Reşit Galip bütün geceyi Dolmabahçe Sarayı’nda pencere kenarındaki bir koltukta geçirir.

Atatürk uyandığında Genel Sekreteri'ne Reşit Galip'i sorar. 'Sabaha kadar bekledi, mahcubiyetini size iletmemizi istedi. Ankara'ya gidecek kadar borç para istedi. 25 lira verdik' derler. Atatürk 'Ankara'ya gidecek adama 25 lira mı verilir. Bari benim hesabımdan birkaç yüz lira verseydiniz' der. Ardından da 'Cebinde beş parası yok ama karakterinden hiç taviz vermiyor. Parası yok ama cesareti var' diye ekler.

1932 sonbaharında Atatürk, Reşit Galip'in Ankara Radyosu'ndaki bir konuşmasını dinler; 'Devrimleri, her yerde, herkese karşı savunacağız. Gerekirse babamıza ve çocuklarımıza karşı bile' demektedir.

Atatürk birkaç gün sonra kendisini yeniden sofraya davet eder. Hemen yanındaki sandalyeye buyur eder.
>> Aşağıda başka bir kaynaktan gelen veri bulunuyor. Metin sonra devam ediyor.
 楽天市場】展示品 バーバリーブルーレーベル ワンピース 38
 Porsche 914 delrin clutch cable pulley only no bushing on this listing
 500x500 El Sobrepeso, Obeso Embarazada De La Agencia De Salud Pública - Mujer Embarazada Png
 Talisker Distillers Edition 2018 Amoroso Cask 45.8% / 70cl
Onun yanına da, hocası Esat Mehmet'i oturtur.

Ve orada yeni Milli Eğitim Bakanı’nın, 39 yaşındaki Reşit Galip olduğunu açıklar.
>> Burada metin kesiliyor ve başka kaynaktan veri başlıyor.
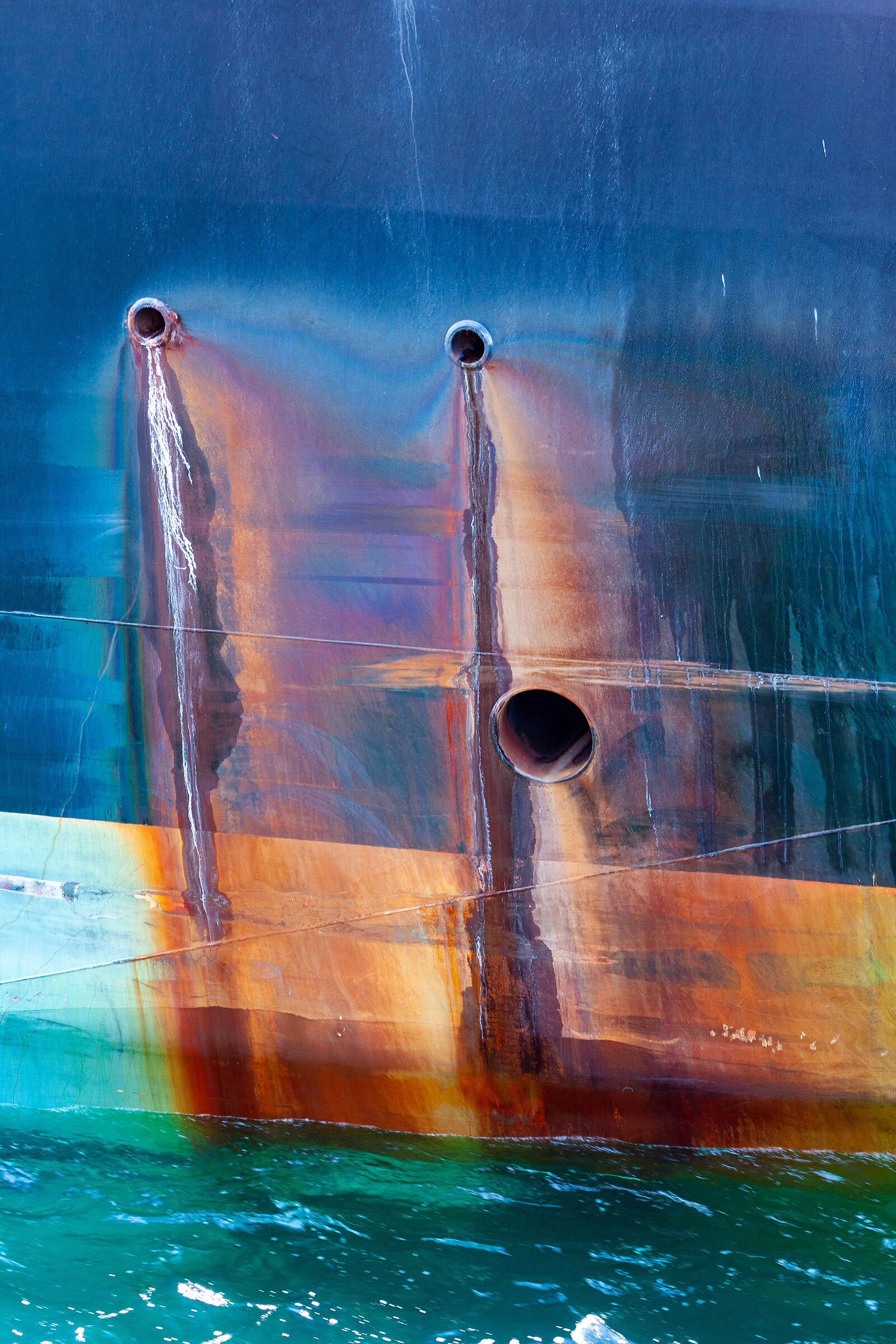 quadri marini - la petroliera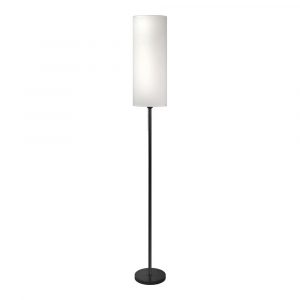 LÁMPARA DE PIE (SALON) VINTAGE E27 60 W COLOR NEGRO Ø20 x 155 cm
Reşit Galip'in bakanlığı sadece 13 ay sürer.

Bu süre içinde Darülfünundan üniversite reformunu başlatır. Öğretmenlere genel bütçeden maaş ödenmesini sağlar.

Eşi Zubeyre Hanım’ın deyimiyle 'deli gibi çalışmakta' ama Atatürk’e çıkışacak kadar ayarsız dili yüzünden her gün işe cebinde istifa mektubuyla gitmektedir..

Aslında Atatürk’le araları çok iyidir..

O Gazi'ye 'Paşam'; Gazi de ona 'Doktor' diye hitap etmektedir.

Bir gün sofradan ayrılırken, Atatürk, 'Seni eve ben bırakacağım' der. Reşit Galip, eve gelince; ‘Sizi uğurlayayım Paşam' der; ancak arabası olmadığından yürüyerek uğurlamak durumundadır.. O gece zatürree olur.

Dinlenmesi tavsiye edilince, 1933 Ekim'inde görevden ayrılır.

1934 yazında Moda'daki bir deniz kazasında kızlarını kurtarmaya çalışırken akciğerlerini hepten üşütür.

Bir mucize eseri kurtulduğu bu kazadan sonra ölümünü bekleyerek, hastalığını yenmeye çalışır.

Keçiören’deki bağ evinin kütüphanesine demir yatağını taşıtıp yedi ay kitaplar arasında yatar..

1934 yılında, 41 yaşında hayata veda eder.

Öldüğünde cebinde 5 lira parası vardır.

O, her sabah okul öğrencilerini güne başlatan; 'Türküm doğruyum çalışkanım' andının yazarıdır.